Eigentlich wollte ich ja fernsehen, musste aber schon wieder um 20.15 Uhr ins Bett. Den Abendfilm bekam ich als Kind unter der Woche nicht zu sehen. Also stapfte ich wutentbrannt und unter viel Getöse die Treppe hinauf in mein Zimmer, legte mich ins Bett und schaltete das Kopfkino ein. Das funktioniert bis heute bestens: Langweile ich mich, fällt mir meistens rechtzeitig ein, dass ich die besten Kinofilme, die tollsten Geschichten und die größten Abenteuer in meinem eigenen, zugegeben merkwürdigen Schädel spazieren trage. So hätte aus mir auch leicht eine Drehbuchautorin werden können.
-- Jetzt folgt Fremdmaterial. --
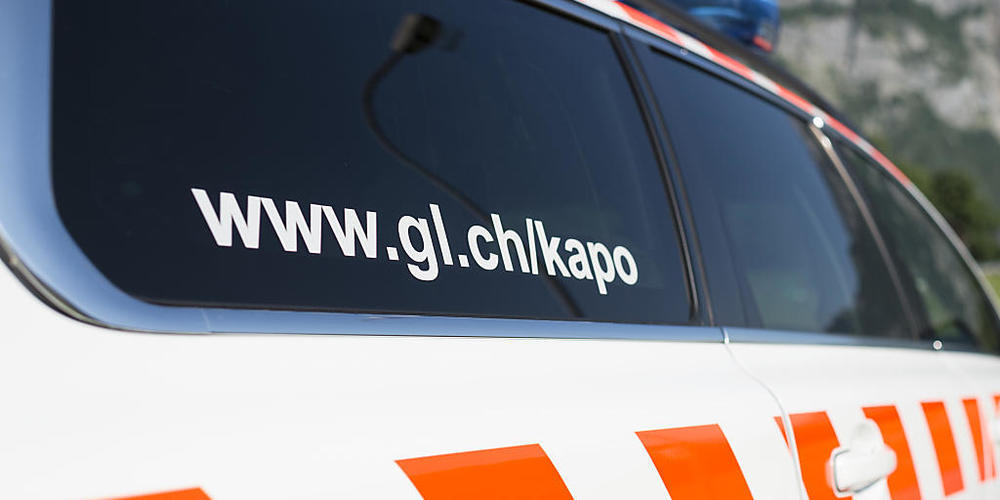 Beim Warten auf den Zug am Bahnhof Schwanden im Kanton Glarus niedergestochen. Die Polizei ermittelt noch nach den Motiven des Täters. (Symbolbild)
Dass es bei Buchautorin endete, ist wahrscheinlich reiner Zufall.
Vor meinem inneren Auge spielten sich schon als Achtjährige ganze Serien ab, in denen ich eine Räuberbande in den britischen Wäldern anführte (als eine Art weiblicher Robin-Hood-Verschnitt), im alten Rom für das Recht auf Freiheit und gegen Sklaverei kämpfte und natürlich um die Welt reiste, bevorzugt an Bord riesiger Segelschiffe. Jede Reise im Kopf war dabei verbunden mit der Lust am Ausbruch aus bestehenden Verhältnissen und der Sehnsucht nach dem Unerreichbaren. In Gedanken durchs antike Italien zu spazieren war leicht und kostete nicht viel mehr, als ein paar ruhige Augenblicke vor dem Schlafengehen. Und selbstverständlich war ich, in vollkommen logischer Egomanie, immer die Hauptdarstellerin. Das konnte kein müder Fernsehfilm, keine TV-Serie je bieten.
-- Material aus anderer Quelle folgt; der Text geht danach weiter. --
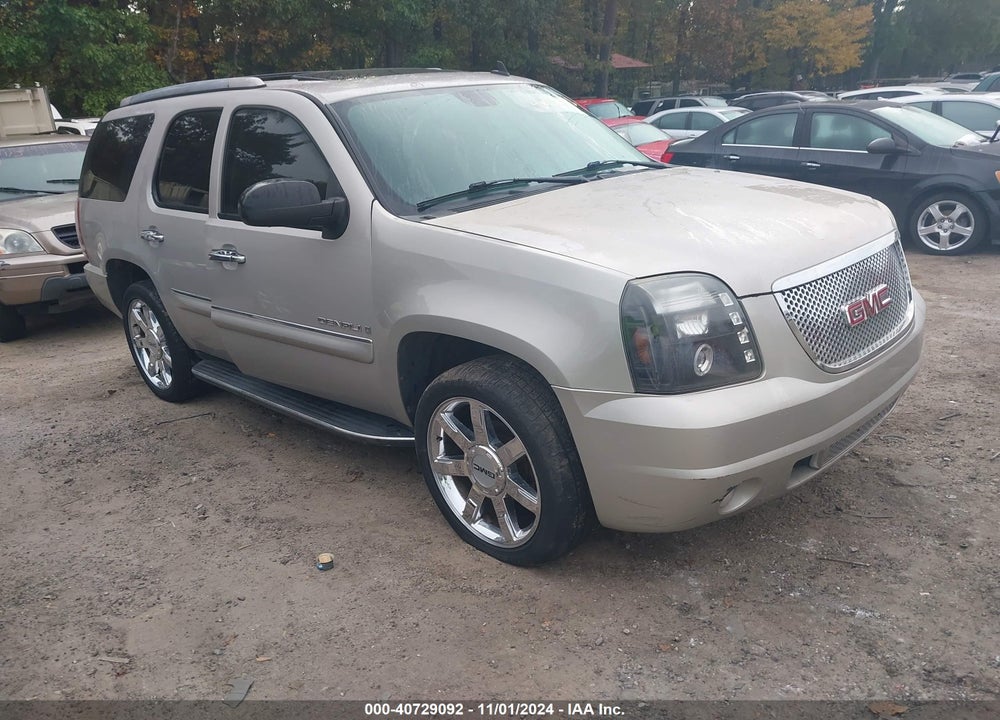 2007 GMC YUKON DENALI VIN: 1GKFK63837J343273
Je eingeübter die Fantasie war, desto leichter fiel die Reise. War der Plot erst fertig gesponnen, konnte ich mich mühelos darin bewegen, neue Figuren hinzuerfinden oder die Handlung variieren. Ich war damit wohl schon Autorin, bevor ich je auch nur ein Buch gelesen, geschweige denn eines geschrieben hatte. Ganz so, wie Kinder dies eben tun. Sehnsüchte ließen sich in der Fantasie ausleben, bunt, detailreich und so oft wiederholt, bis alles perfekt passte. Noch heute schreibe ich so, wobei ich den Spielplatz in meinem Kopf heute den Figuren überlasse. Ich selbst trete nur noch äußerst selten ins Bild, bin aber, einer Regisseurin gleich, immer zugegen und zuweilen überrascht, wenn die Figuren die vierte Wand durchbrechen und sich direkt an mich wenden. Meistens ist dann gerade irgendetwas schief gelaufen beim Schreiben und die Figuren fangen an zu meckern. Das kann mitunter wahnsinnig nervtötend sein und man bringt diese besser schnell wieder zum Schweigen, weil sonst der Sehnsuchtsort im Kopf zum Unort wird.
Schreiben war und ist Vergnügen. Es ist ausgelebte Vorstellungskraft, kaum limitiert, stets verfügbar, immer Rückhalt gebend. Findet es nicht statt, nimmt die wilde Bilderflut in mir manchmal überhand. Dann staut sich darin etwas, dass sich Luft verschaffen muss und notfalls an anderer Stelle nach außen dringt. Das kann in Verdruss umschlagen oder, weit besser, in Anfällen von kreativem Backwahn, mit diversen Kuchen, Torten oder Keksen als Endprodukten. Nur war die Küche nie ein Sehnsuchtsort für mich. Es musste immer weiter sein, heller, größer, geheimnisvoller und fremder. Schreibende sind Reisende, die gleichzeitig die Straßen bauen, auf denen sie sich vorwärtsbewegen. Und es gibt kein größeres Vergnügen, als sich kurz an den Straßenrand zu stellen und zu beobachten, wie uns andere auf demselben Weg folgen, an die gleichen Orte, getrieben von genau derselben Sehnsucht.